DEMOKRATİK ÖZERKLİĞİ GEÇ YAPTIĞIMIZ İÇİN KÜRTLERDEN ÖZÜR DİLİYORUM
Demirtaş iki dilli yaşam ile ilgili olarak konuşmasını şöyle bitirdi. "Ben zamansız oldu açısından şu görüşe katılıyorum. Evet zamansız olmuştur.Geç kalmaktan dolayı bir zamansızlık vardır. Ben özelikle kürt halkından bu yönlü özür diliyorum. Geç kaldığımız için özür diliyorum. Bırakın artık zamanı değil on yıl daha bekleyelim söylemleri hoş değil. Biz 30 yıl geçtik kaldık malesef bunları yapmakta."dedi.
DEMOKRATİK ÖZERKLİK TÜRKİYE'NİN KURTULUŞ PROJESİDİR
BDP Genel Başkanı'ndan Ticaret Odası Başkanı Galip Ensarioğluna sert cevap verdi. Bir gazetecinin Ensarioğlu'nun "Demokratik Özerklik Kürtlerin Talebi Değil" açıklamarını nasıl değerlendiriyorsunuz sorusu üzerine, Demirtaş, "Onların kendi düşünceleridir. Ama müsade ederlerse kürtler adına temsilcileri konuşsun. Kendisinin talebi olmayabilir. Odasının talebi olmayabilir. Bazı işadamlarının talebi ıolmayabilir. Saygı duyarız. Anlamlıdır herkes katılmak zorunda da değil. Ama biz bütün kürtlerin talebidir demiyoruz. Başkalarıda hiç bir kürt bunu istemiyor demesin. Kürtlerin büyük bir kısmı demokratik özerkliği bir çözüm yolu olarak görüyorlar. Demokratik özerklik Türkiye'nin tek kurtuluş projesidir. Aydınrlık geleceği için çok iyi formüldür. Bunu daha iyi tartışabilmek gerekir. Kürt halkı demokratik özerklikle kendini özgür hissedecek. STK'ların görüşlerine saygı duyuyoruz. Bütün kürtler adına biz konuşmuyoruz. Kimsede konuşmasın."dedi.

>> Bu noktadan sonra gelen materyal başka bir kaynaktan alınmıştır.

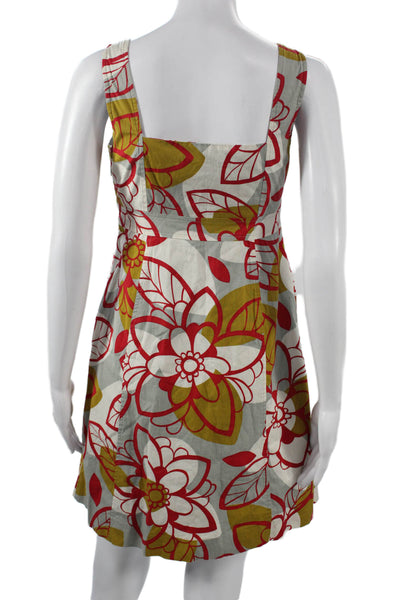 Maeve Anthropologie Women A-Line Dress Gray Floral Square Neck Mini Size 2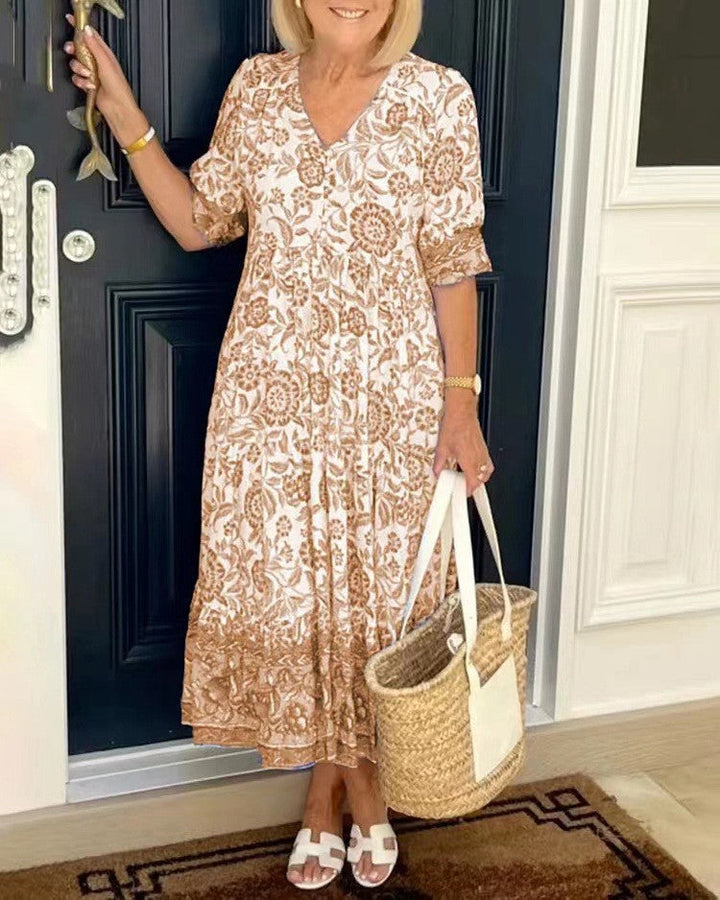 Tallis | Floral V-Neck Maxi Dress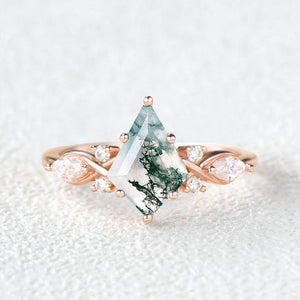 Unique Kite Cut Moss Agate Leafy Engagement Ring.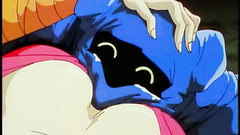 Little funny monster fall in love with sexy blonde girl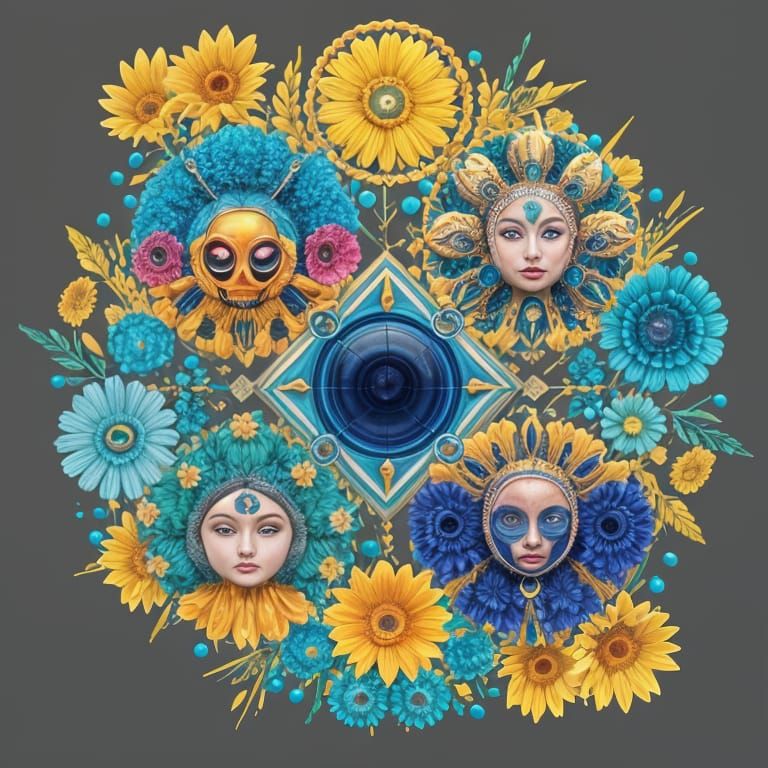 Pointillist Geometric Forms in Hyperrealistic Splash Art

Demokratik özerklik Türkiye'nin kurtuluş projesidir
Barış ve Demokrasi Partisi (BDP) Genel Başkanı Selahattin Demirtaş, ortak iliteşim dilinin Türkçe olduğunu belirterek, "Ortak dilimiz Türkçeyi kaybetmeyeceğiz. Demokratik özerkliği geç yaptığımız için kürtlerden özür diliyorum. Demokratik özerklik Türkiye'nin kurtuluş projesidir"dedi.